As a softball coach, I used Facebook to keep up with my players, make sure they were staying out of trouble (which sometimes they weren’t and we were able to address it) and get insight as to how they were handling the challenges of competitive ball. I was able to help parents know when to ask questions and play a proactive role in minimizing issues before they came to a head. I know many teachers who do the same…often times a student will express stress, pain, and/or staying out til 3 a.m on Facebook but would never saying anything to their parents…to prohibit one of the most popular communication channels today from being used to facilitate teacher and student interaction just didn’t make sense.
It is refreshing to see the teachers have their voice heard. The law will be delayed 180 days or until the state legislature and teachers can work out an agreement. It is important to note that only section 162.069 will be delayed…the rest of the bill, which is a good bill related to prevention of sexual abuse will go in to effect as planned.
Hurricane Irene, Earthquakes, Social Media, Oh My!

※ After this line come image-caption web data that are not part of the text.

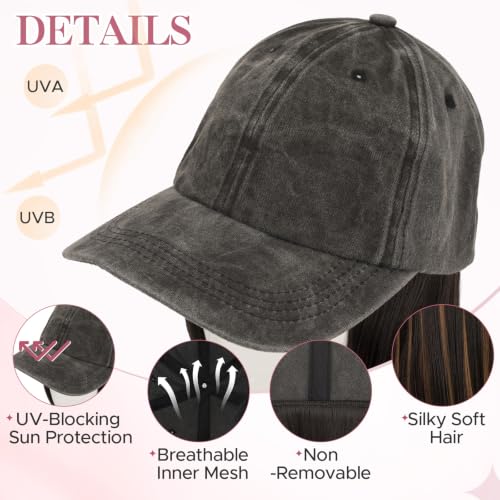 SEGOHAIR Baseball Cap with 6-Inch Synthetic Straight Hair Extension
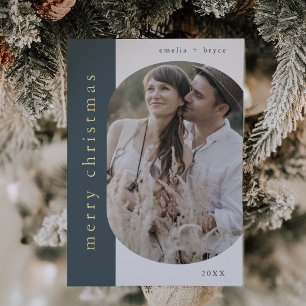 EMELIA Blauw Goud Folie Ovaal Foto Vrolijk Kerstmi Folie Feestdagenkaart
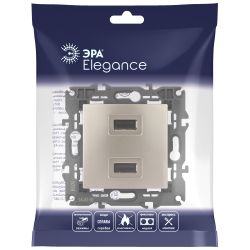14-4110-04 ЭРА Устройство зарядное USB, 230В/5В-2100мА, IP20, Эра Elegance, шампань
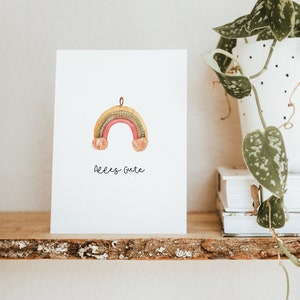 Glückwunschkarte - Alles Gute - Regenbogen - Boho -  Option: Kraftpapier Kuvert braun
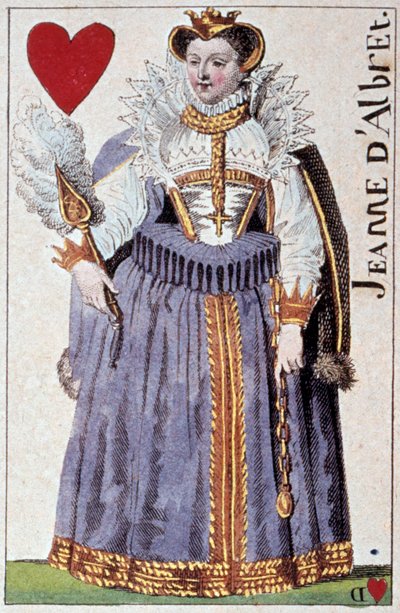 Zastoupení královny Johanky z Albretu (Johanka III. Navarrská) (1528-1572), matka Jindřicha IV. (1553-1610). Detail hrací karty od Gustava Houbiganta (1789-1862) 19. století Paris B.N. od Armand Gustave Houbigant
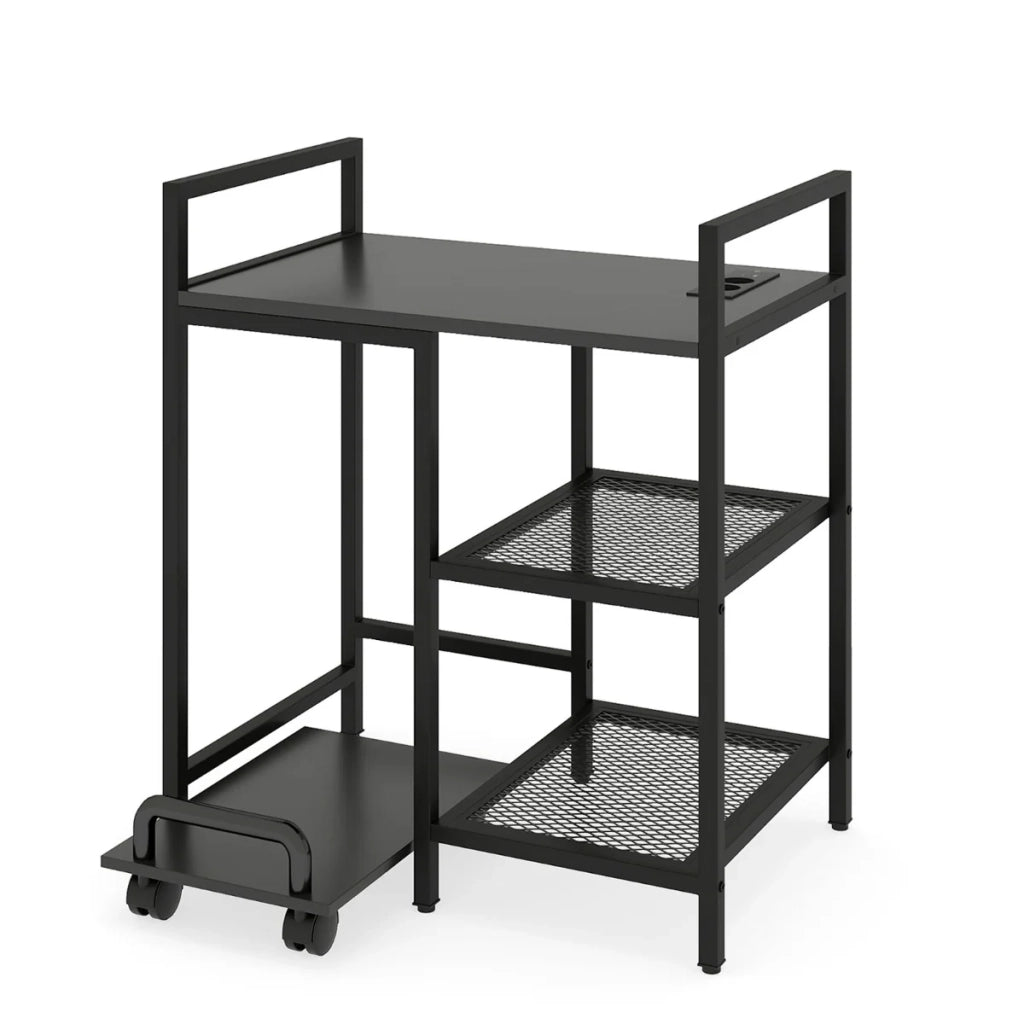 Supporto per stampante mobile 63,5 x 40 x 72 cm con comoda stazione di ricarica e conservazione ottimale in legno nero 20_0018714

Hurricane Irene along with the east coast earthquakes are creating shakes, waves and jiggles on the social media scene this week. (corny yes I know but I couldn’t resist). Many of the articles talk about increase mentions, is SM good or bad, and citizens relying on SM during disasters. Consumerreports.org noted some very interesting facts that were brought to my attention by David Erickson (fyi…David provides a great daily email you should subscribe to if you like stats):
- 24% of Americans would use social tools to tell people they are safe
- 1 in 5 would try an online channel if they were unable to reach EMS
- 80% expect emergency responder to monitor social sites
- One-third expect help to arrive within an hour of posting a need to a social site
You have to wonder, does our police, fire and other emergency rescue services realize these kind of expectations exist? It is somewhat scary to think that people may be requesting help when nobody is listening. The Social Media Club of Kansas City had a great breakfast a few months ago where the Johnson County Sheriff department shared with us what steps they are taking to monitor and participate in social media. We can only hope that other community emergency services are adopting similar best practices.
Britain Meets with Twitter, Facebook and Blackberry
You know you are beyond early adoption when the Queen comes knocking on your door. Obviously the Britain riots are no laughing matter and I think it is an important step by leaders to acknowledge the role social media may play in not only creating civil unrest but possibly calming it as well.
There are many of my peers in this industry that may interpret the Britain conversations as an attempt to prohibit free speech. However, if there is a main channel that is causing destruction don’t we have to ask our leaders to take a responsible look and understand how that channel functions, how to minimize the risk and ultimately how to shut it down in the event that it leads to wide-scale tragedy? Many of the uprisings we have seen this year have led to freedom but we would be naive if we didn’t respect the potential for technology and new media to be just as dangerous as they are liberating. This is the kind of topic that makes for great happy hour conversations!
What a crazy, wacky week …we hope you were able to experience more positive than negative and wish you the best of fun, safety and enjoyment this weekend!